Data extract: Begin

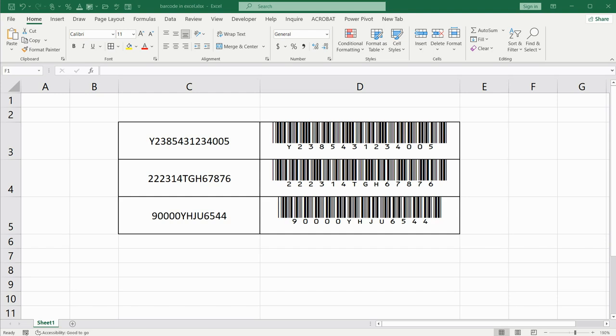Welcome to our Excel tutorial on creating barcodes effortlessly. In this step-by-step guide we'll walk you through the process of generating barcodes in Microsoft Excel. Whether you are managing inventory, organizing data, or simply curious about barcoding, this tutorial is for you.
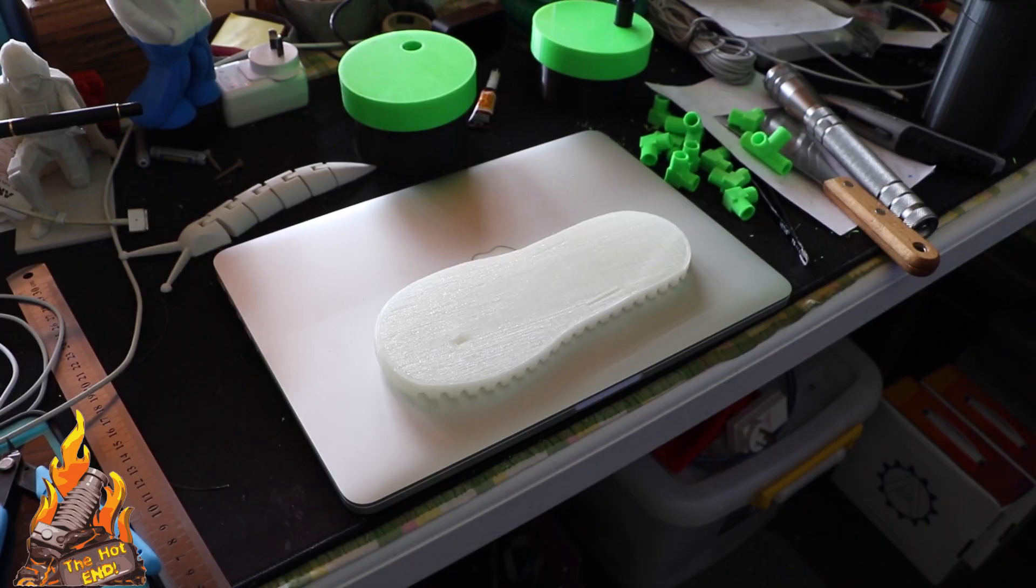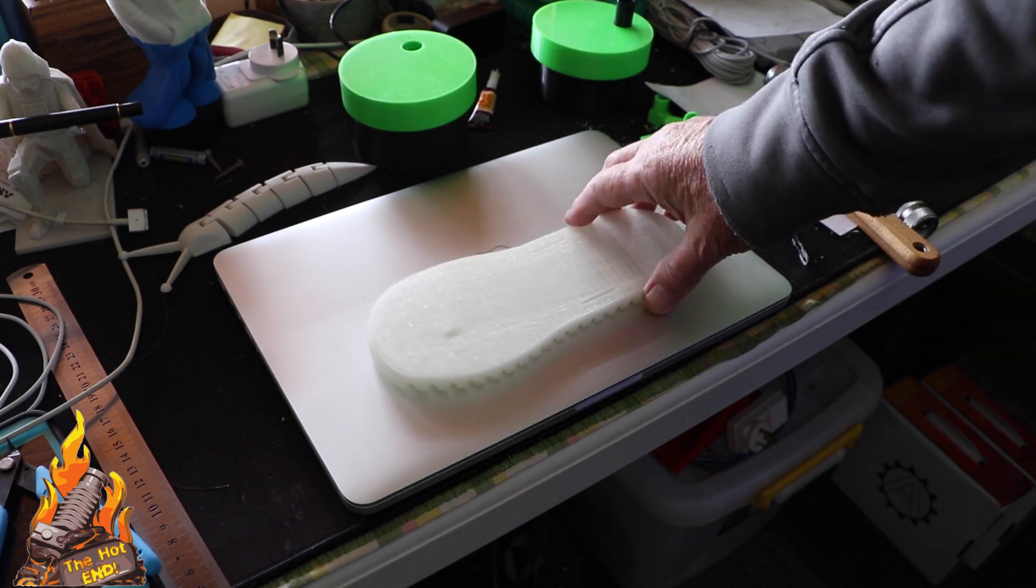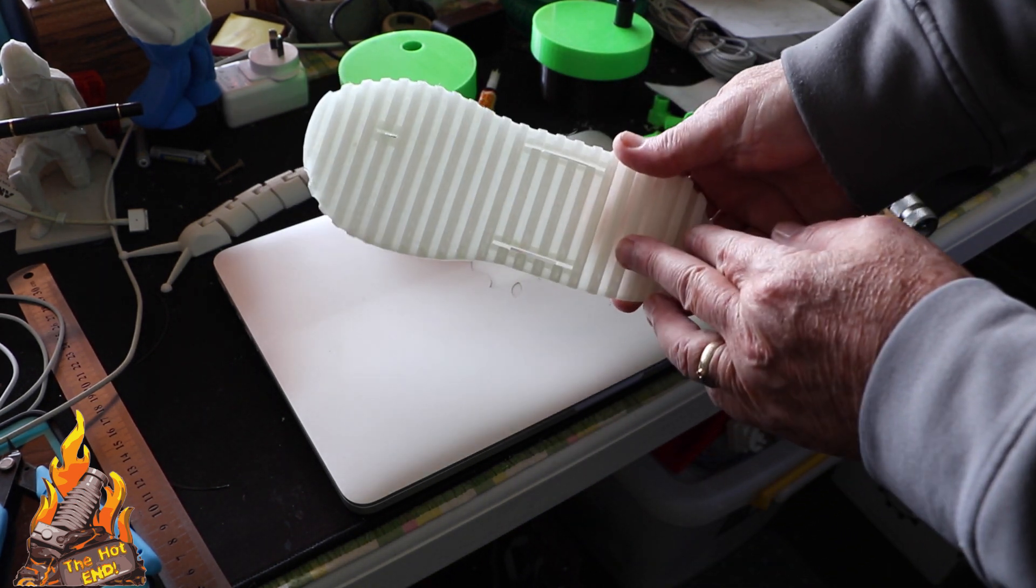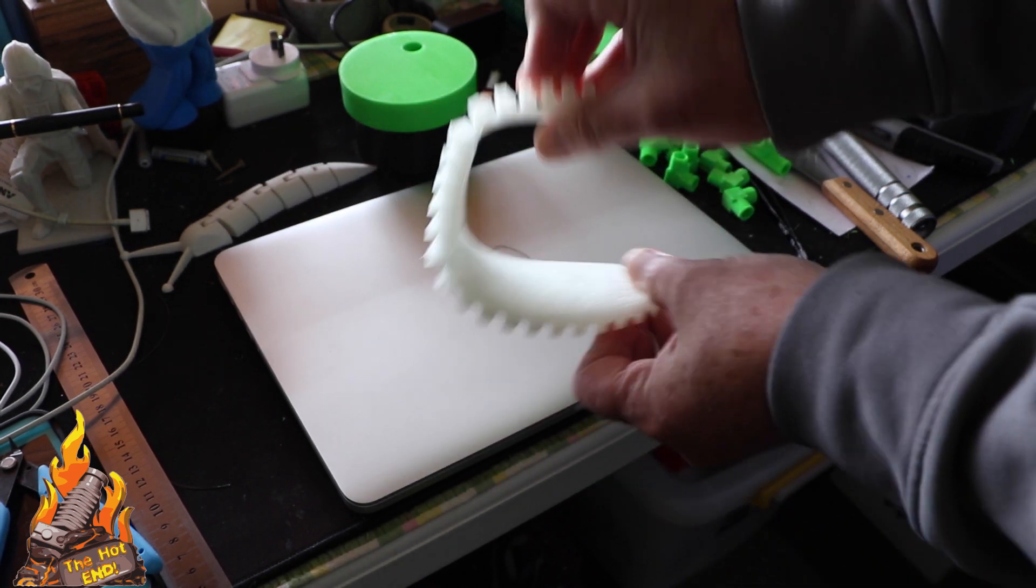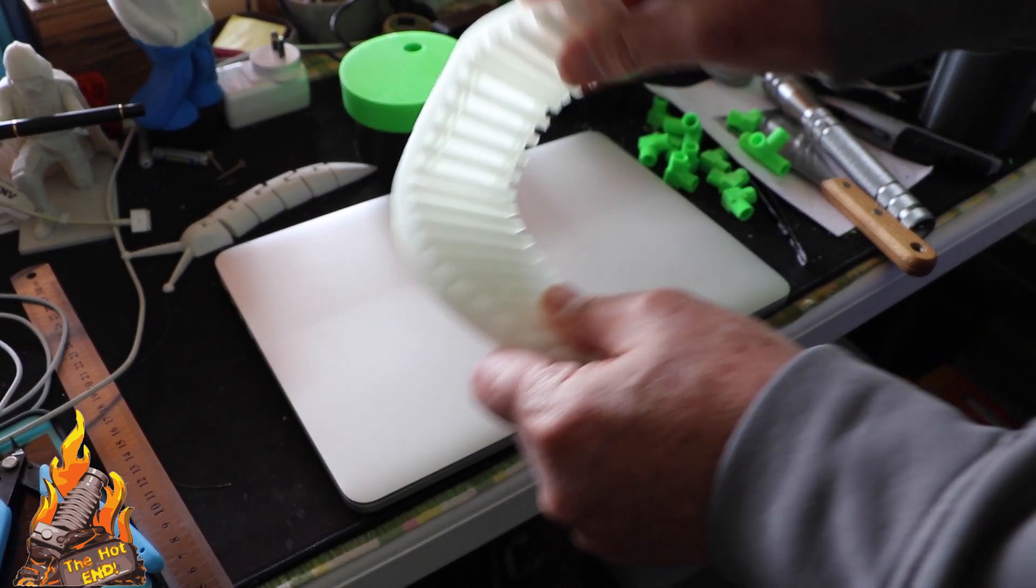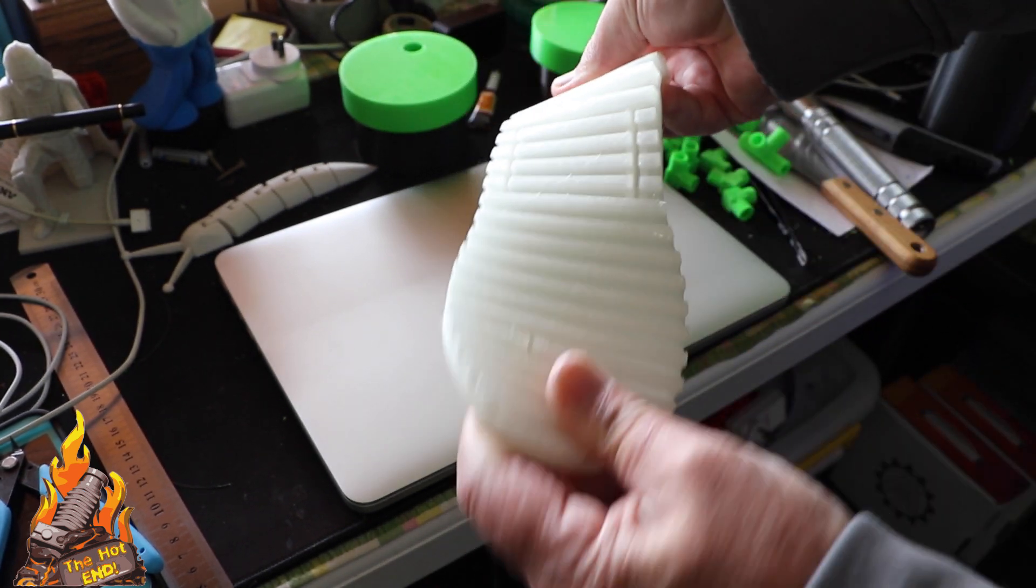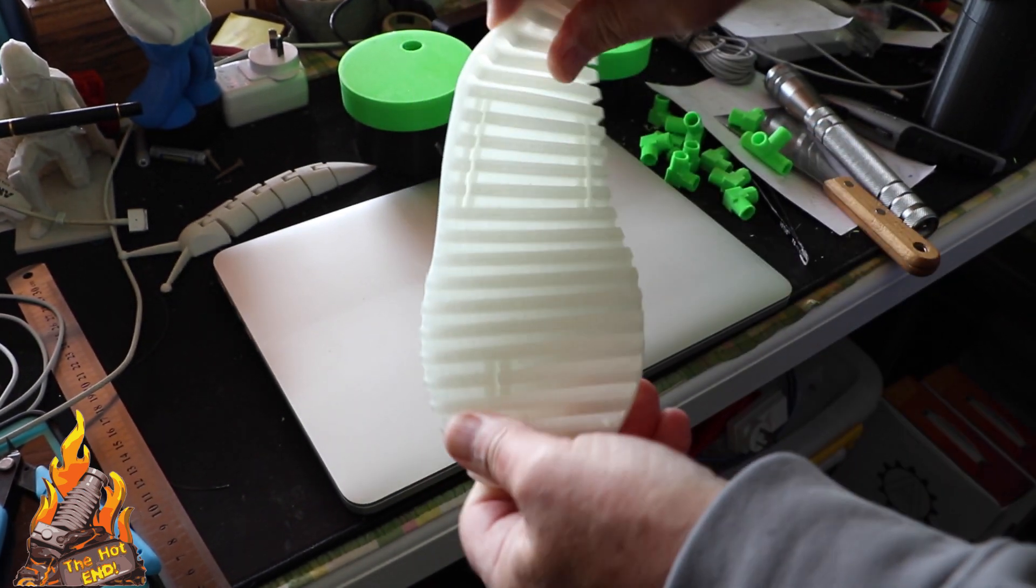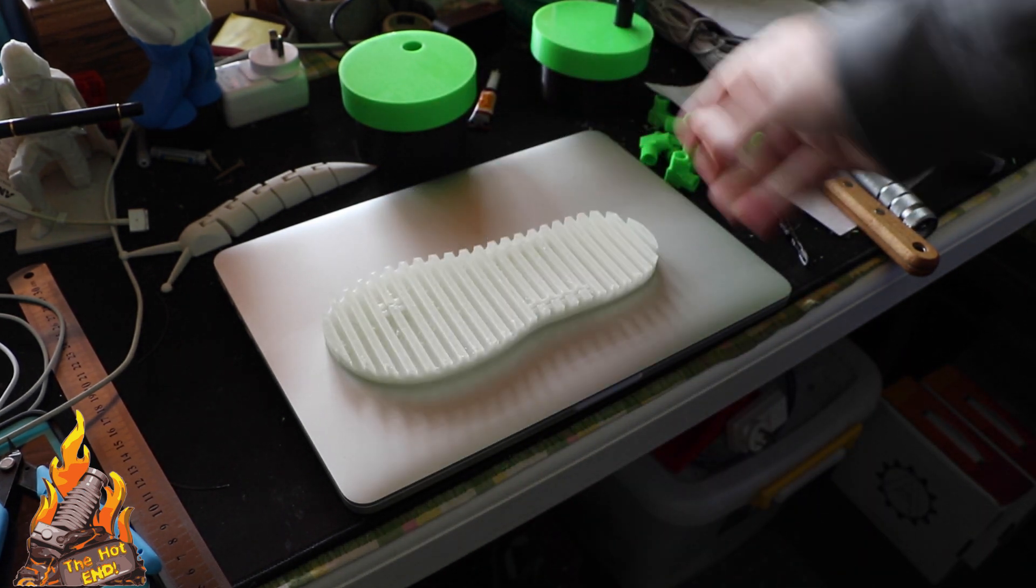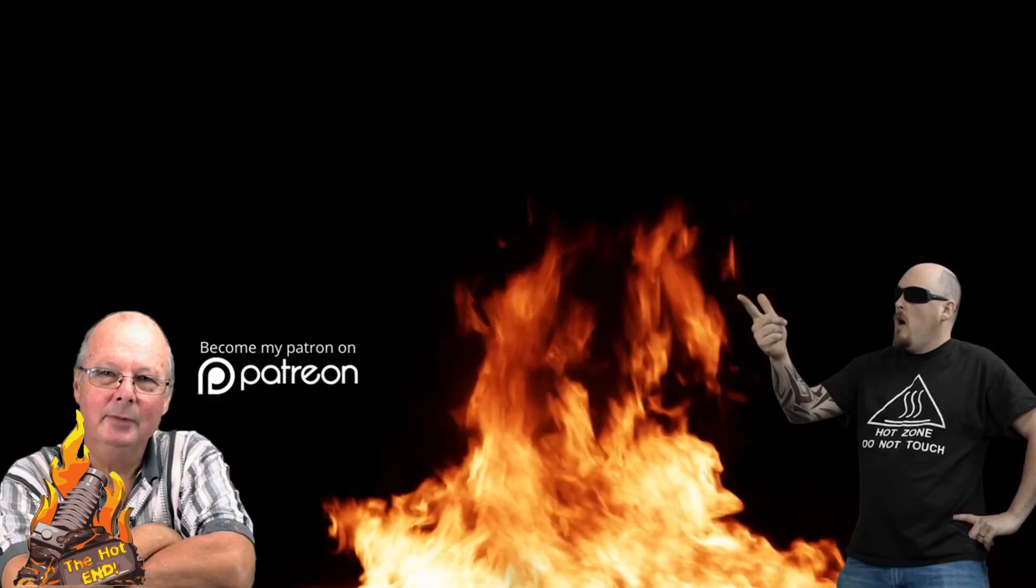Something else that you can print is insoles and thongs and shoes and what have you. Flip flops or whatever you want to call them. It's a fairly desperate way of printing anything. Takes a long time and a lot of filament. And yeah, I don't see the point. But anyway, that's it. Alrighty, see you next time.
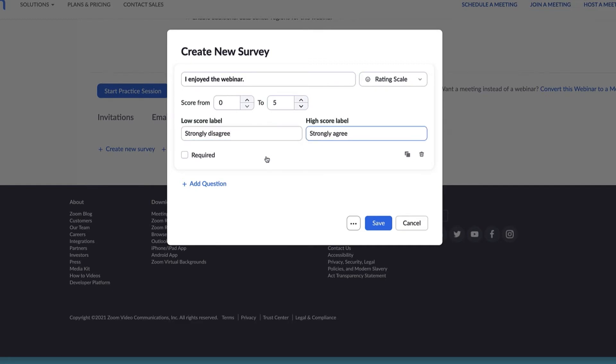You can mark this question as required if you'd like users to complete it before proceeding. To the right, you have the option to duplicate the question or delete it.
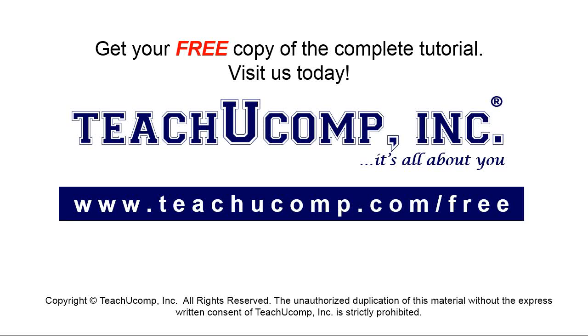Get your free copy of the complete tutorial at www.teachyocomp.com forward slash free.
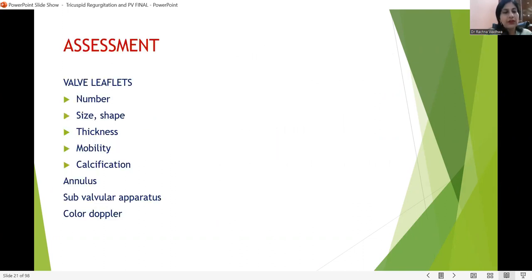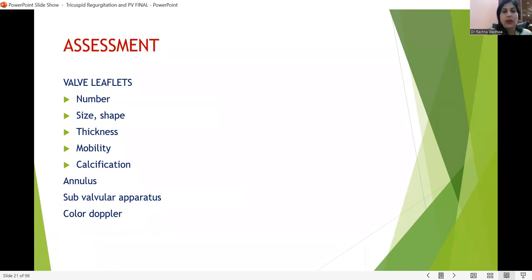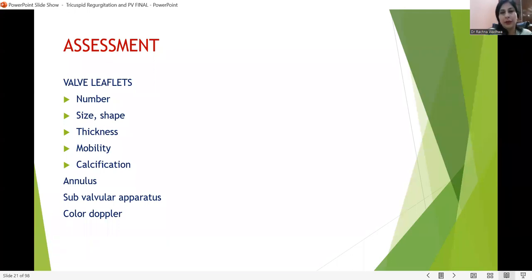What should we assess? The number of valve leaflets, their size, shape, the commissures, thickening, mobility, and if there is any calcification. How is the annulus — its size and shape — and the subvalvular apparatus. Color Doppler and spectral Doppler analysis, continuous wave Doppler, and pulse wave Doppler will give us the values of quantitative assessments.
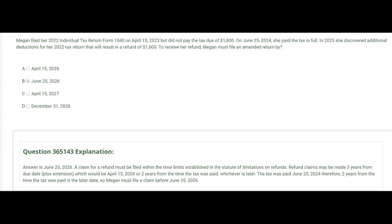Megan filed her 2022 individual tax return Form 1040 on April 15th, 2023, but did not pay the tax due of $1,800. On June 25th, 2024 — over a year later — she paid the tax in full. In 2025 she discovered additional deductions for her 2022 return that will result in a refund of $1,600. To receive her refund, Megan must file an amended return by June 25th, 2026. Refund claims may be made three years from the due date plus extension — April 15th, 2026 — or two years from when the tax was paid, whichever is later. Since the tax was paid June 25th, 2024, two years from that date — June 25th, 2026 — is the later date. The answer is B.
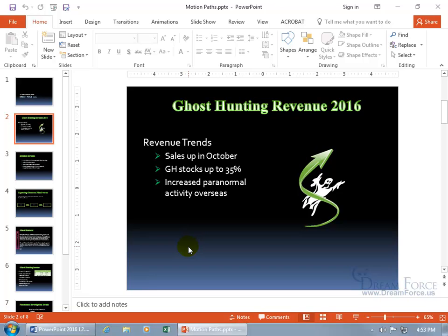Motion Path Animation is just that — it's an object in motion along a path you set. In this example, our ghost hunting stock is up 35%. For a dramatic effect, I'd like our ghost to celebrate and float up to about right there, so I want to set him on a motion path that ends at that point.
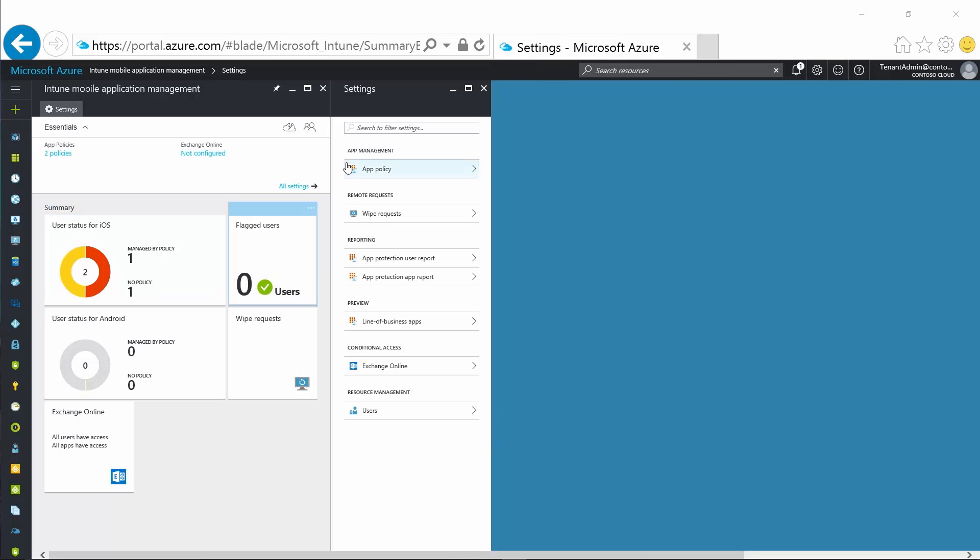This means people can use the mobile apps and tools they love to stay productive, while IT can trust that data stays protected and unexposed.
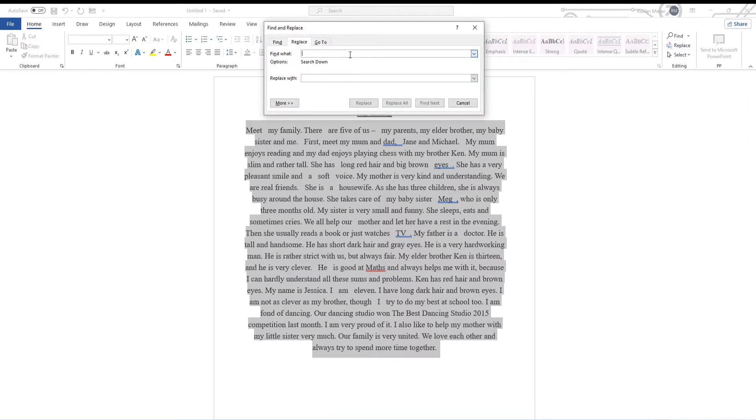Type two spaces in the Find What field in the new window, and type one space to the Replace With field.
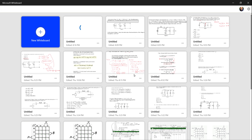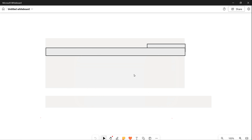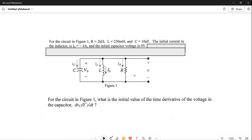The first thing we're going to do is look at this problem. For the circuit shown in figure one, R is 2k ohms, L is 250 millihenries, and C is 10 nanofarads. The initial current in the inductor is minus 4 amperes, and the initial voltage across the capacitor is 0 volts. These initial conditions are very important when you work second-order systems. You always have to establish the initial conditions — either you look at the circuit and determine them, or in this case they're given to you.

Data extract: End

Requirement: Each line from the one holding "Motion Path Animation" through the final line of the data needs to be transcribed exactly. Include both ends, skip the pictures, and add nothing.

Output of the task:
Motion Path Animation is just that — it's an object in motion along a path you set. In this example, our ghost hunting stock is up 35%. For a dramatic effect, I'd like our ghost to celebrate and float up to about right there, so I want to set him on a motion path that ends at that point.
This means people can use the mobile apps and tools they love to stay productive, while IT can trust that data stays protected and unexposed.
Type two spaces in the Find What field in the new window, and type one space to the Replace With field.
The first thing we're going to do is look at this problem. For the circuit shown in figure one, R is 2k ohms, L is 250 millihenries, and C is 10 nanofarads. The initial current in the inductor is minus 4 amperes, and the initial voltage across the capacitor is 0 volts. These initial conditions are very important when you work second-order systems. You always have to establish the initial conditions — either you look at the circuit and determine them, or in this case they're given to you.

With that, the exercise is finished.